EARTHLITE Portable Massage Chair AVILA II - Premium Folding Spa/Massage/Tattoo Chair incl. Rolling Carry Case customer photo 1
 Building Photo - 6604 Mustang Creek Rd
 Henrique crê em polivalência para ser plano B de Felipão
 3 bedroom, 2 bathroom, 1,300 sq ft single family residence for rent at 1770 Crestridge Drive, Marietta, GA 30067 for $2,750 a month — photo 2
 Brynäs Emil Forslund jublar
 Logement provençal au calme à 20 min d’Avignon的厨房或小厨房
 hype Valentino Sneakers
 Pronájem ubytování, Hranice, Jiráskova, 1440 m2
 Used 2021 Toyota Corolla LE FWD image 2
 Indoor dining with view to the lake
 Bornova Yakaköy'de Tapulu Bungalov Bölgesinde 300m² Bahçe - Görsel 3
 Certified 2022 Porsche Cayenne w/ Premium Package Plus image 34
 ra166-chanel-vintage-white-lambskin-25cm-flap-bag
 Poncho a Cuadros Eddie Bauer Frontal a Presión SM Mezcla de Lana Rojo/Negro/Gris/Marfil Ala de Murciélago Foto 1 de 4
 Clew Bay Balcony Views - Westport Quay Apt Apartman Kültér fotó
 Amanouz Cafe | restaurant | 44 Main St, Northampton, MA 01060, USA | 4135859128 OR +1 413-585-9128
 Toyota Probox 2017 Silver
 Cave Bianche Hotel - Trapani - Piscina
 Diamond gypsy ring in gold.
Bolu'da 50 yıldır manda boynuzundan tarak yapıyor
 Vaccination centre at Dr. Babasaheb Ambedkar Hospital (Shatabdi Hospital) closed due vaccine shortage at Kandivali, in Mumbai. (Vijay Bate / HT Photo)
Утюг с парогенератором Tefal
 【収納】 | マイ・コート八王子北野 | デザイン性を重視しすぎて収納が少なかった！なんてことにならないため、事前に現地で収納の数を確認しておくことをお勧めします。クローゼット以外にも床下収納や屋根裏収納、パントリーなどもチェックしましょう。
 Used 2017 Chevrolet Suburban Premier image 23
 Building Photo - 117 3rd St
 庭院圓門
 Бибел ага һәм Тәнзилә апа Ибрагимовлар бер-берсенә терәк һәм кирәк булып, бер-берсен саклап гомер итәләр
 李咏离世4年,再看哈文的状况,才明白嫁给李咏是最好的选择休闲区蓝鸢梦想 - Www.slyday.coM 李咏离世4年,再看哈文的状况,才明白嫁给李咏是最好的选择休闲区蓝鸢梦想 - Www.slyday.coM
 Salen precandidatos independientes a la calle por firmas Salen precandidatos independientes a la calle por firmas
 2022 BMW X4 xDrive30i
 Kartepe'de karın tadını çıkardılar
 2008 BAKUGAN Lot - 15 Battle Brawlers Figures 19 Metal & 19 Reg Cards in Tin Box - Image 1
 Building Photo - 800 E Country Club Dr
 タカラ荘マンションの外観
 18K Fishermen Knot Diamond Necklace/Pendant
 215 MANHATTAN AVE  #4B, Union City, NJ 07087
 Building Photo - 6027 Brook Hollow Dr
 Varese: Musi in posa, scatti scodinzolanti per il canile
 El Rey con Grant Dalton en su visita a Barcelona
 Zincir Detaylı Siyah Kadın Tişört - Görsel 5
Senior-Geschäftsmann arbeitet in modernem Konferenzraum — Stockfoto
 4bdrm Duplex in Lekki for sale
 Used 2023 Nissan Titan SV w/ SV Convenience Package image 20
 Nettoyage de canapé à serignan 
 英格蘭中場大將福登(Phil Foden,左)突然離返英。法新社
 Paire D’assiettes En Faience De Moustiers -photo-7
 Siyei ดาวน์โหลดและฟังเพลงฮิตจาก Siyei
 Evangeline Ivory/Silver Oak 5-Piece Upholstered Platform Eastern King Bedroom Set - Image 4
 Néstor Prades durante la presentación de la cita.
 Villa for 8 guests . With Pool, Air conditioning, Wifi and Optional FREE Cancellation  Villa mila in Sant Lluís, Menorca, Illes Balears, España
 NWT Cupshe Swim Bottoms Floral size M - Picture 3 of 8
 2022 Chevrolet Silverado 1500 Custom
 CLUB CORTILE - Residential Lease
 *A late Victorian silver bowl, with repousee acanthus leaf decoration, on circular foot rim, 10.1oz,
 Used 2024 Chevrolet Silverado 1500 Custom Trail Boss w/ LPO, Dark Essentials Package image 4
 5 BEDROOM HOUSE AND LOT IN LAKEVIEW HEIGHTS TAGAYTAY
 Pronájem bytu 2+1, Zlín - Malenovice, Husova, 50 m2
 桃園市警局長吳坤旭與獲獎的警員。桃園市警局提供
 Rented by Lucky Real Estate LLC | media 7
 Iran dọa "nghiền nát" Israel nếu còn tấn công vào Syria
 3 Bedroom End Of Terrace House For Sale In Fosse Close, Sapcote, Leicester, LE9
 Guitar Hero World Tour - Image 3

● ● ● ● ● ● ●

_What the exercise asks:_
All lines with the word "Pronájem" are needed; pull them from the entries and copy each.

_Solution to this problem:_
 Pronájem ubytování, Hranice, Jiráskova, 1440 m2
 Pronájem bytu 2+1, Zlín - Malenovice, Husova, 50 m2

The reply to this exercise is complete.